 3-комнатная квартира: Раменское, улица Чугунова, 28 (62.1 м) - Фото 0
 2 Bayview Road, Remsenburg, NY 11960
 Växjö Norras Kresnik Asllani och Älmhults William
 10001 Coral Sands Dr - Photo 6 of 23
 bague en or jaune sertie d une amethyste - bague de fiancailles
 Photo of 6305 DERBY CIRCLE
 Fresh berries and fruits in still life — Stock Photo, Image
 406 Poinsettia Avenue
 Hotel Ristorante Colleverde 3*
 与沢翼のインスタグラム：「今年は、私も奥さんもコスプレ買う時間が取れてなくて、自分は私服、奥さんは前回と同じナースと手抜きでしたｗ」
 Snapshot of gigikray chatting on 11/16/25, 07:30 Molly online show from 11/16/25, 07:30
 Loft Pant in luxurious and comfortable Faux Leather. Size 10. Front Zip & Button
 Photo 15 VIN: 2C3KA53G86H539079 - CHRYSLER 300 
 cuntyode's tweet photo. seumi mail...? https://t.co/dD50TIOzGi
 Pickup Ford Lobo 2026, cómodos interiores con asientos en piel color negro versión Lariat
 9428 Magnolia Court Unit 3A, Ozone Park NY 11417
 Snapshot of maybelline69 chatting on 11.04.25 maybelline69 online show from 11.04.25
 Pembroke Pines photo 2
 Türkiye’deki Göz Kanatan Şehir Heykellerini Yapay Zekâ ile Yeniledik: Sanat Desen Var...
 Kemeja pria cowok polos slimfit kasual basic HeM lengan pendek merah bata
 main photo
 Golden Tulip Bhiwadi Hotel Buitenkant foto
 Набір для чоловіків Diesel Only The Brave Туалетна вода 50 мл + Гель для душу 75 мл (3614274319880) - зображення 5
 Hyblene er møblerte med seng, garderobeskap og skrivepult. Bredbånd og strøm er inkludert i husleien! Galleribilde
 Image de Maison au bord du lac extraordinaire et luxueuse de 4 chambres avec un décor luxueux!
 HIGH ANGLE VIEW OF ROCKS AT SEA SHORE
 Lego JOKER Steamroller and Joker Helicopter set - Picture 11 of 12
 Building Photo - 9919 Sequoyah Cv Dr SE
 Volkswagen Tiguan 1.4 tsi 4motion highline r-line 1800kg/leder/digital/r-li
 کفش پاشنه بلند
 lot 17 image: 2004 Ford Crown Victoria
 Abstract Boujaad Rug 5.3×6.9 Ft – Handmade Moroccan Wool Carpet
************
▸ THE PROBLEM: The response must contain exactly the lines from the one with "Pembroke Pines photo 2" to the end of the entries above, both included, and nothing more.

▸ EXERCISE RESPONSE:
 Pembroke Pines photo 2
 Türkiye’deki Göz Kanatan Şehir Heykellerini Yapay Zekâ ile Yeniledik: Sanat Desen Var...
 Kemeja pria cowok polos slimfit kasual basic HeM lengan pendek merah bata
 main photo
 Golden Tulip Bhiwadi Hotel Buitenkant foto
 Набір для чоловіків Diesel Only The Brave Туалетна вода 50 мл + Гель для душу 75 мл (3614274319880) - зображення 5
 Hyblene er møblerte med seng, garderobeskap og skrivepult. Bredbånd og strøm er inkludert i husleien! Galleribilde
 Image de Maison au bord du lac extraordinaire et luxueuse de 4 chambres avec un décor luxueux!
 HIGH ANGLE VIEW OF ROCKS AT SEA SHORE
 Lego JOKER Steamroller and Joker Helicopter set - Picture 11 of 12
 Building Photo - 9919 Sequoyah Cv Dr SE
 Volkswagen Tiguan 1.4 tsi 4motion highline r-line 1800kg/leder/digital/r-li
 کفش پاشنه بلند
 lot 17 image: 2004 Ford Crown Victoria
 Abstract Boujaad Rug 5.3×6.9 Ft – Handmade Moroccan Wool Carpet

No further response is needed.